Tax Law Changes Benefit Families with Education Expenses

November 30, 2018

People often worry about how they’ll afford college for their children and grandchildren, but education costs start much earlier than adulthood. While every state offers free public education for all children, some parents choose private schools instead and the average cost of tuition for private schools can soar to over $10,000 a year. Although many parents and guardians are aware that a qualified tuition program, also known as a 529 plan, can help families afford higher education costs on a tax-favored basis, they may not know that this program may now be used to pay for tuition for elementary or secondary public, private, or religious school.

What is a 529 Plan?

529 plans are qualified tuition programs. 529 comes from the Internal Revenue Code section that provides for them and are designed to facilitate the funding of future education costs. 529 plans are sponsored by states, state agencies, or educational institutions. All 50 states and the District of Columbia offer 529 plans for anyone to contribute to any citizen’s education costs.

A 529 plan comes in two forms: prepaid tuition plans and savings plans. Prepaid tuition plans allow a person to purchase credits for tuition and fees at participating colleges and universities at present tuition rates. The education savings plan is an investment account. Both types of plans may have residential requirements. While there are no federal income tax deductions for the contributions, some states do offer tax benefits for contributions made to a 529 plan.
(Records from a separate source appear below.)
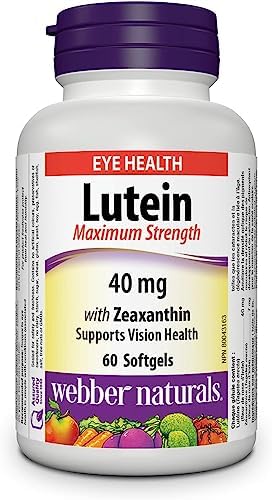 Webber Naturals Lutein 40 mg with Zeaxanthin, Maximum Strength, 60 Softgels, Supports Eye Health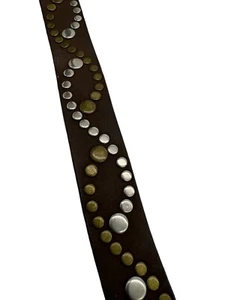 Brass And Silver Studded Brown Leather Belt Womens Size XL 38 - 42 Waist *Flaws - Picture 1 of 8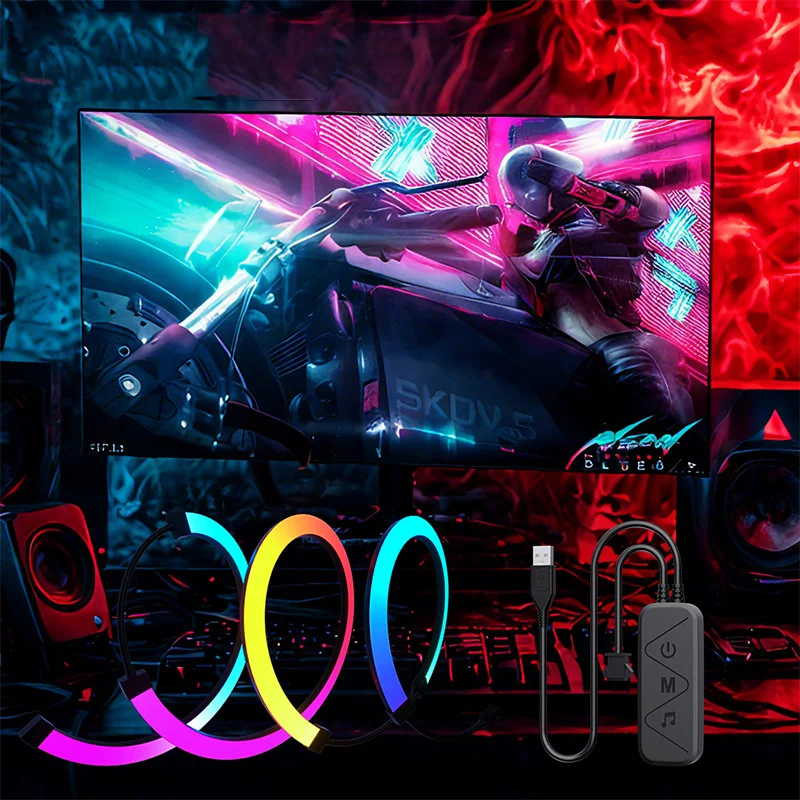 RGB Gaming Lights Strip Monitor Backlight LED Display Sync PC Atmosphere Screen APP Music Synchronization Decor Game Room Party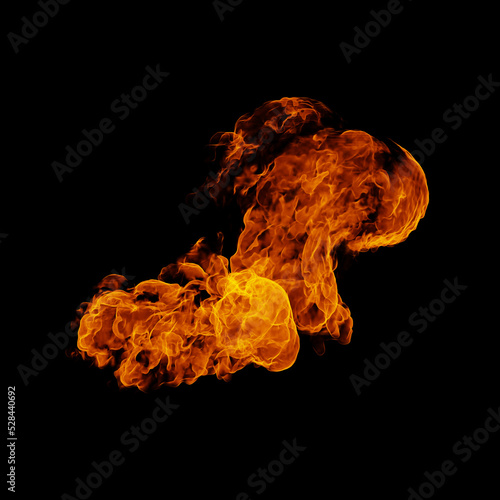 Burning Fire and Flames Overlay on Black Background
 photo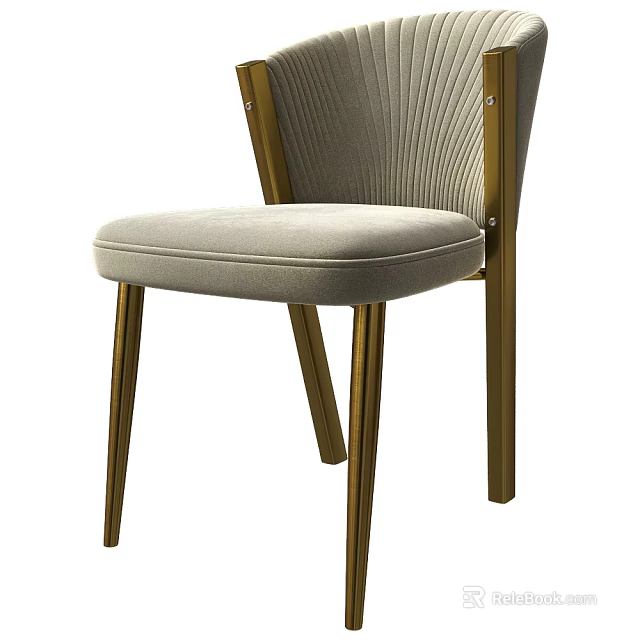 Upholstered Single Chair With Modern Design Textured Backrest And Wooden Legs 3d model 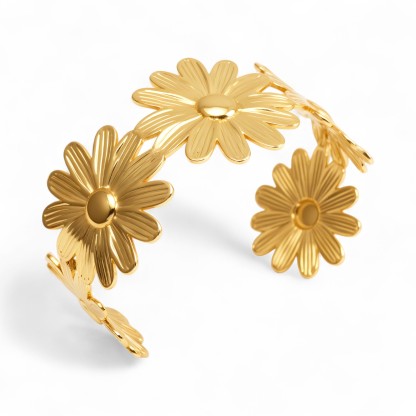 Crafted Daisy Cuff Bracelet 18K Gold 316L Steel Waterproof | DZE0840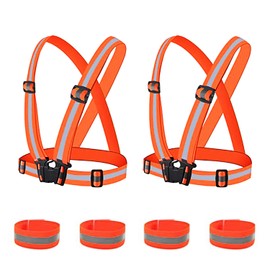 2 Pack Upgraded Safety Vest, 360° High Visibility Vest, Reflective Vest Running Gear, Adjustable Straps, Hi Vis Vest for Night Cycling, Jogging, Dog Walking, Reflective Bands & Storage Bag Included…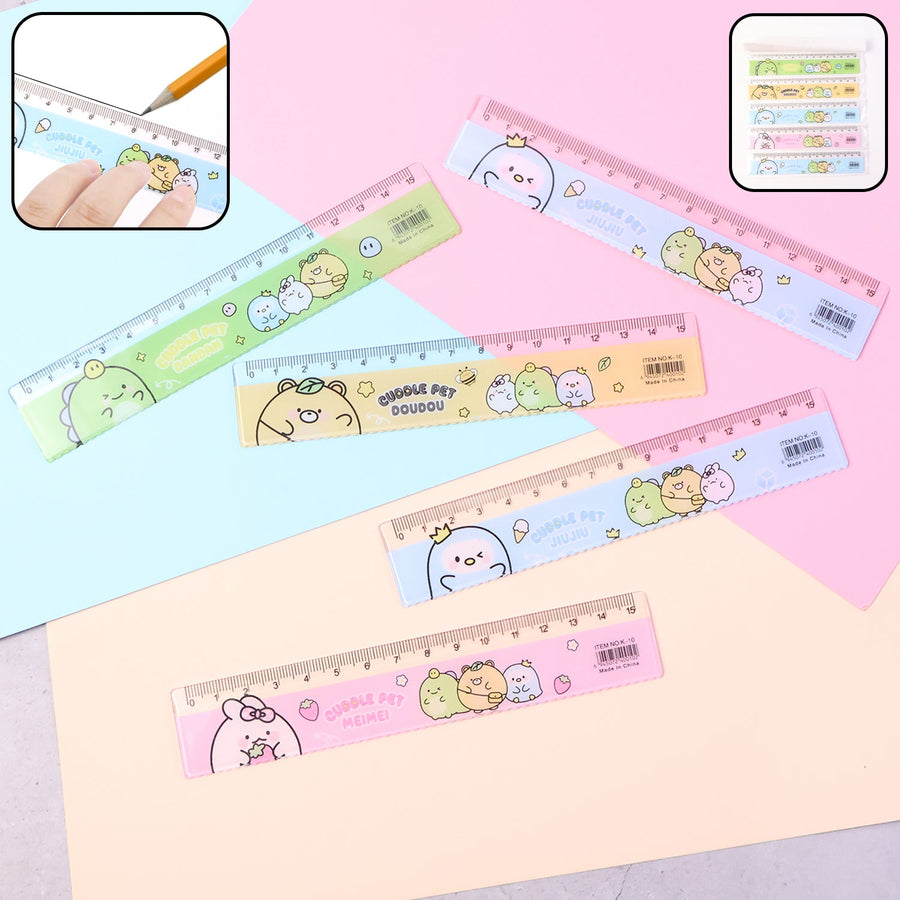 Plastic Ruler Set for Kids – Durable Cartoon Design, 5 Pieces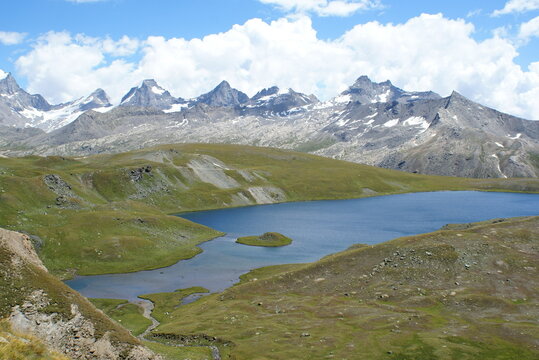 Colle del Nivolet, Piedmont (Italy): panoramic view of the lake and the mountains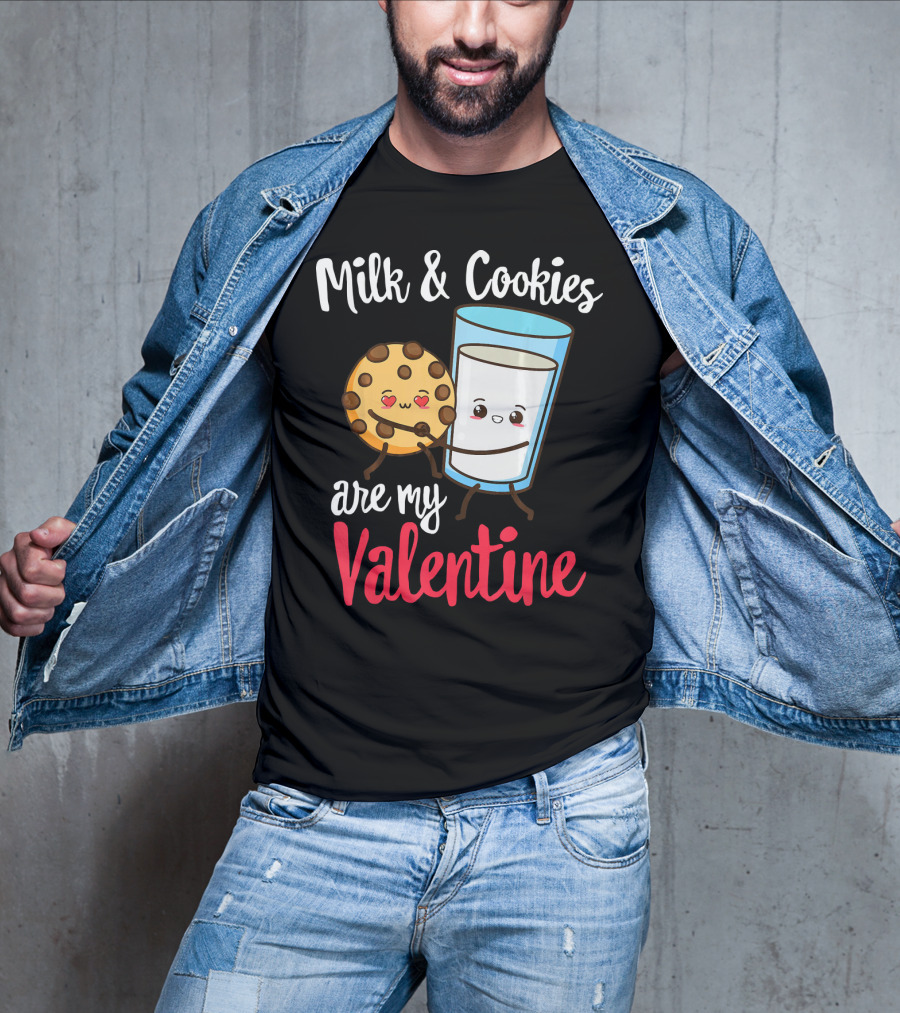 Milk And Cookies Are My Valentine Funny Kawaii Cute Emoji T-Shirt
In addition, the earnings grow tax-free and distributions are tax-free as long as they are used for “qualified higher education expenses”. Qualified higher education expenses generally include tuition, fees, books, supplies and equipment required for the enrollment or attendance of a designated beneficiary at an eligible educational institution; they also include room and board if the designated beneficiary is enrolled at least half-time. Typically, the designated beneficiary is a child, grandchild or other relative.
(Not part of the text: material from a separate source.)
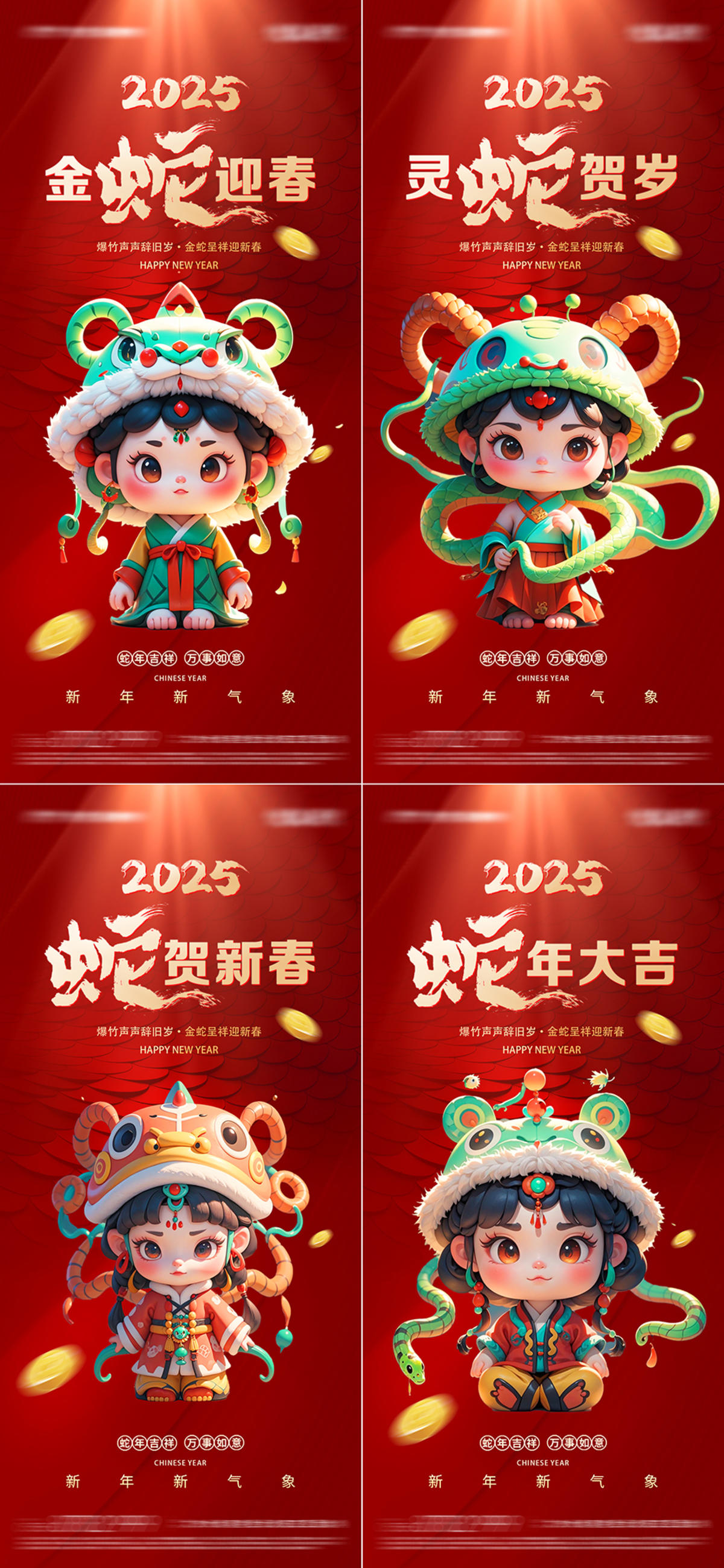 2025蛇年红金海报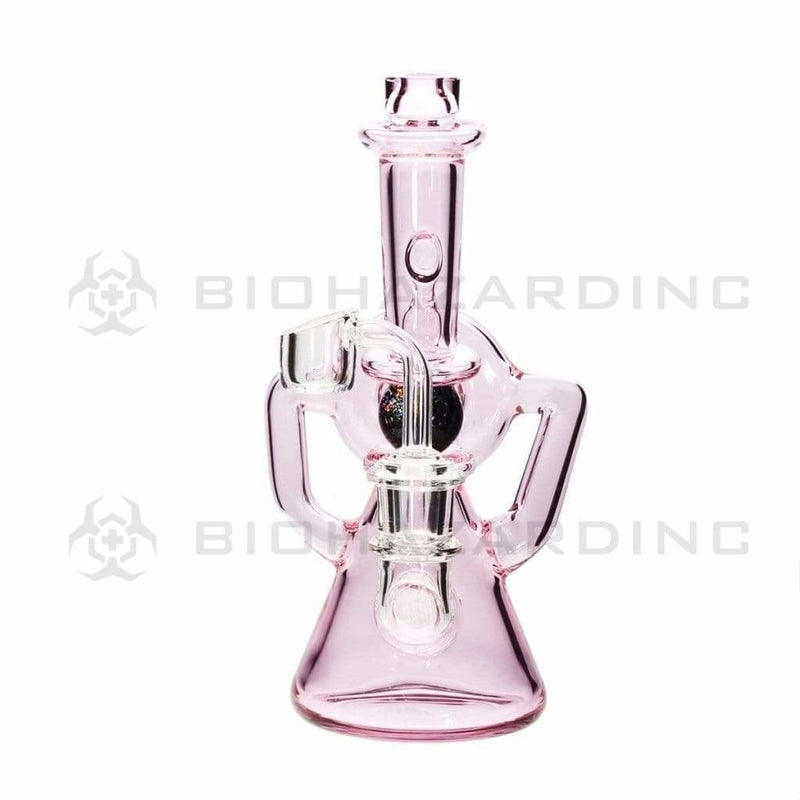 Biohazard Inc Glass Dab Rig Ball Spindle Recycler Banger Hanger Beaker w/ Banger - Pink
What Are Other Benefits of 529 Plans?

In addition to special tax deductions, 529 plans offer:

  • Low investment fees
  • Tax-deferred investment growth
  • Gift- and estate-tax benefits

How Have New Tax Laws Changed 529 Plans?

Previously, 529 plans allowed for tax-free distributions only to the extent of qualified higher education expenses at an eligible educational institution, when generally meant accredited colleges and universities. After the passage of the Tax Cuts and Jobs Act of 2017, the definition of qualified higher education expenses was expanded to include tuition for elementary or secondary public, private, or religious school, up to $10,000 per year, per student. This is a huge benefit for families with children enrolled in or seeking enrollment in private and religious K-12 schools.

State Tax Savings in Maryland, Washington, D.C. and Virginia


Maryland’s 529 plan program allows residents to take an additional $2,500 per year, per beneficiary state tax deduction for contributions made to a Maryland 529 plan. More information about Maryland’s 529 plans can be found at the Maryland 529 website.

Washington, D.C.

The D.C. 529 plan allows residents to take tax deductions of up to $4,000 for individuals and up to $8,000 for married couples filing jointly for D.C. 529 Plan contributions. More information about D.C.’s 529 plans can be found at the DC College Savings Plan website.


In Virginia, residents may deduct Virginia 529 contributions up to $4,000 per account, per year. More information about Virginia’s 529 plans can be found at the Virginia 529 website.